After performing multiple imputation, you should inspect the trace plots of the imputed variables to verify convergence. Mice.jl includes the a plotting function to do this.

RecipesBase.plot — Function

plot(
    mids::Mids,
    var::String
    )

Plots the mean and standard deviation of the imputed values for a given variable. Here var is given as a string (the name of the variable).

source

plot(
    mids::Mids,
    var_no::Int
    )

Plots the mean and standard deviation of the imputed values for a given variable.
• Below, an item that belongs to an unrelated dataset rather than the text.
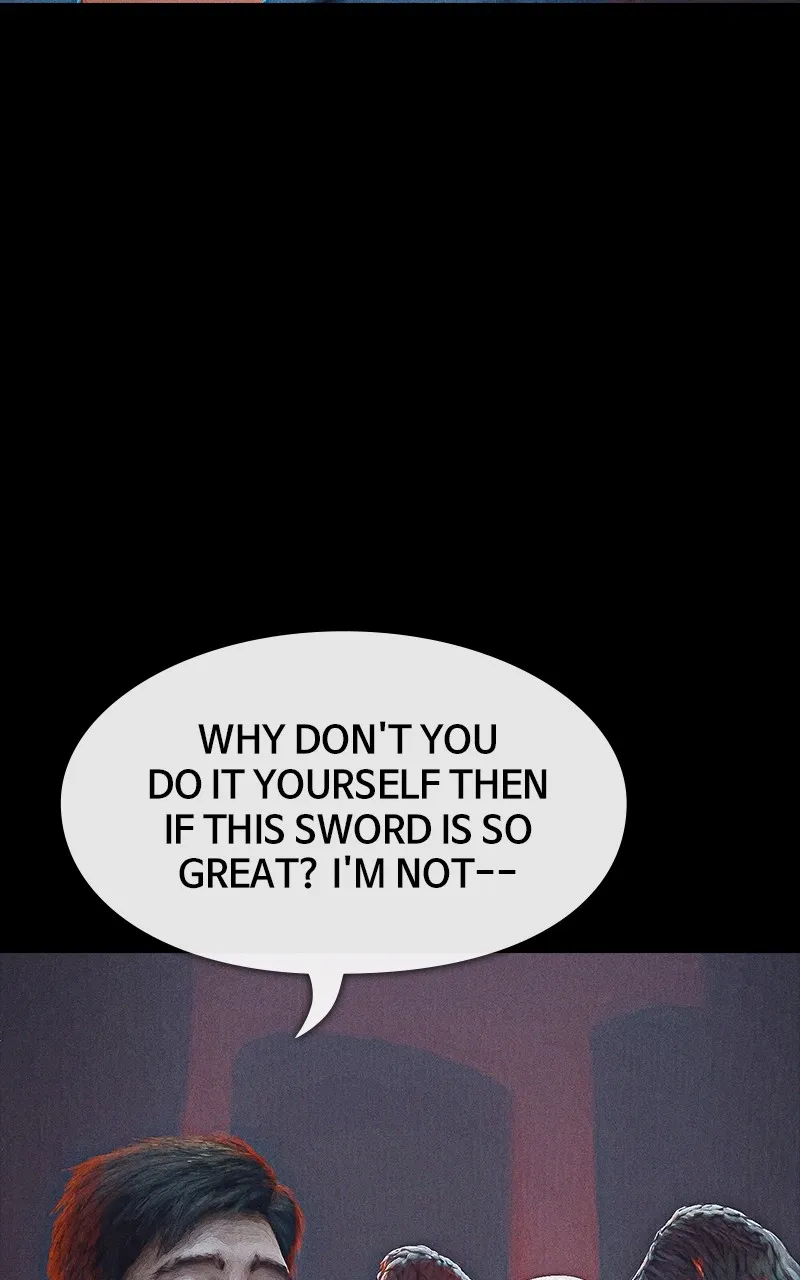 There Are No Demons Chapter 67 - page 84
Here var_no is given as an integer (the index of the variable in the visitSequence).

source

You do need to load the package Plots.jl to see the plots:

using Plots

# Not run
plot(myMids, 7)

Binding imputations together

If you have a number of Mids objects that were produced in the same way (e.g. through multithreading), you can bind them together into a single Mids object using the function bindImputations. Note that the log of events might not make sense in the resulting object: it is better to inspect the logs of the individual objects before binding them together.
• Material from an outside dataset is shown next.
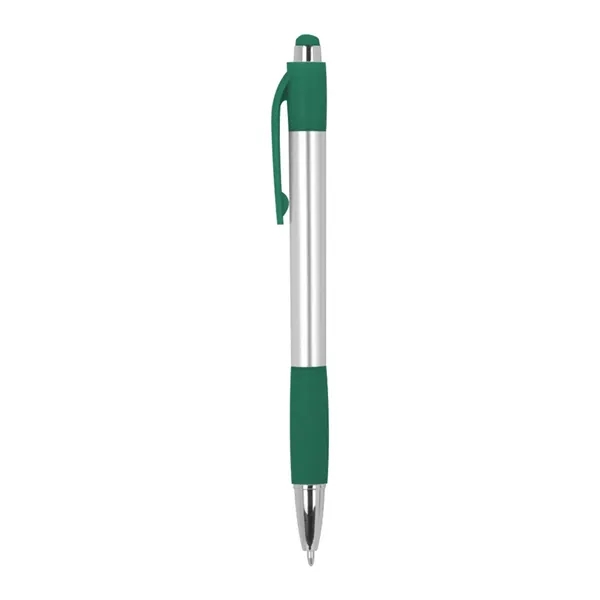 Recycled Plastic Pen... from ASI 31517 Admart Products / Admart Line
Mice.bindImputations — Function

bindImputations(
    mids1::Mids,
    mids2::Mids
    )

Combines two Mids objects into one. The two objects must have been created from the same dataset, with the same imputation methods, predictor matrix, visit sequence and number of iterations. The numbers of imputations can be different.

source

bindImputations(
    midsVector::Vector{Mids}
    )

Combines a vector of Mids objects into one Mids object. They must all have been created from the same dataset with the same imputation methods, predictor matrix, visit sequence and number of iterations. The number of imputations can be different.

source

bindImputations(
    mids...
    )

Combines any number of Mids objects into one Mids object. They must all have been created from the same dataset with the same imputation methods, predictor matrix, visit sequence and number of iterations. The number of imputations can be different.

source